# Your assignment
The whole of the data is to be duplicated precisely.

[Records provided Boundary: Start]

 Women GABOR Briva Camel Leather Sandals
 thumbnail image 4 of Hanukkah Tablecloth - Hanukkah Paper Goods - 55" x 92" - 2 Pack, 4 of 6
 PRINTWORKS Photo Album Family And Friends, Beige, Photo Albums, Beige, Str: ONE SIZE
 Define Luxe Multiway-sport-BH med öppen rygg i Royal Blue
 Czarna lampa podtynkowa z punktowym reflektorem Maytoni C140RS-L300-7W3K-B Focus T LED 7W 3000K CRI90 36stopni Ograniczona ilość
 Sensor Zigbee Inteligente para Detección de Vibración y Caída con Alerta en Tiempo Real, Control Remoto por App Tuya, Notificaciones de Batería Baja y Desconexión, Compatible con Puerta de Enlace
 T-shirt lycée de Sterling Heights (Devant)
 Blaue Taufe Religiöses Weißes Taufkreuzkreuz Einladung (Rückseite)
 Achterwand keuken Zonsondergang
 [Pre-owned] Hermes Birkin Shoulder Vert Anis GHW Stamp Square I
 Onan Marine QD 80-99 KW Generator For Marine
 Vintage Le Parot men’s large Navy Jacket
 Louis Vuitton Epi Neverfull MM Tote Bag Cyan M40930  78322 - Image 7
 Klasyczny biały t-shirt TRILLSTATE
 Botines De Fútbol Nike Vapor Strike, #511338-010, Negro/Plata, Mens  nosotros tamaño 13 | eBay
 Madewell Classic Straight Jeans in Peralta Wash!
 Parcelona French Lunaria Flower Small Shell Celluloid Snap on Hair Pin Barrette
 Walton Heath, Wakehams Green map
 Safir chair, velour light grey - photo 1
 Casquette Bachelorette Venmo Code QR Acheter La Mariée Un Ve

[Records provided Boundary: End]

# Result of this task
 Women GABOR Briva Camel Leather Sandals
 thumbnail image 4 of Hanukkah Tablecloth - Hanukkah Paper Goods - 55" x 92" - 2 Pack, 4 of 6
 PRINTWORKS Photo Album Family And Friends, Beige, Photo Albums, Beige, Str: ONE SIZE
 Define Luxe Multiway-sport-BH med öppen rygg i Royal Blue
 Czarna lampa podtynkowa z punktowym reflektorem Maytoni C140RS-L300-7W3K-B Focus T LED 7W 3000K CRI90 36stopni Ograniczona ilość
 Sensor Zigbee Inteligente para Detección de Vibración y Caída con Alerta en Tiempo Real, Control Remoto por App Tuya, Notificaciones de Batería Baja y Desconexión, Compatible con Puerta de Enlace
 T-shirt lycée de Sterling Heights (Devant)
 Blaue Taufe Religiöses Weißes Taufkreuzkreuz Einladung (Rückseite)
 Achterwand keuken Zonsondergang
 [Pre-owned] Hermes Birkin Shoulder Vert Anis GHW Stamp Square I
 Onan Marine QD 80-99 KW Generator For Marine
 Vintage Le Parot men’s large Navy Jacket
 Louis Vuitton Epi Neverfull MM Tote Bag Cyan M40930  78322 - Image 7
 Klasyczny biały t-shirt TRILLSTATE
 Botines De Fútbol Nike Vapor Strike, #511338-010, Negro/Plata, Mens  nosotros tamaño 13 | eBay
 Madewell Classic Straight Jeans in Peralta Wash!
 Parcelona French Lunaria Flower Small Shell Celluloid Snap on Hair Pin Barrette
 Walton Heath, Wakehams Green map
 Safir chair, velour light grey - photo 1
 Casquette Bachelorette Venmo Code QR Acheter La Mariée Un Ve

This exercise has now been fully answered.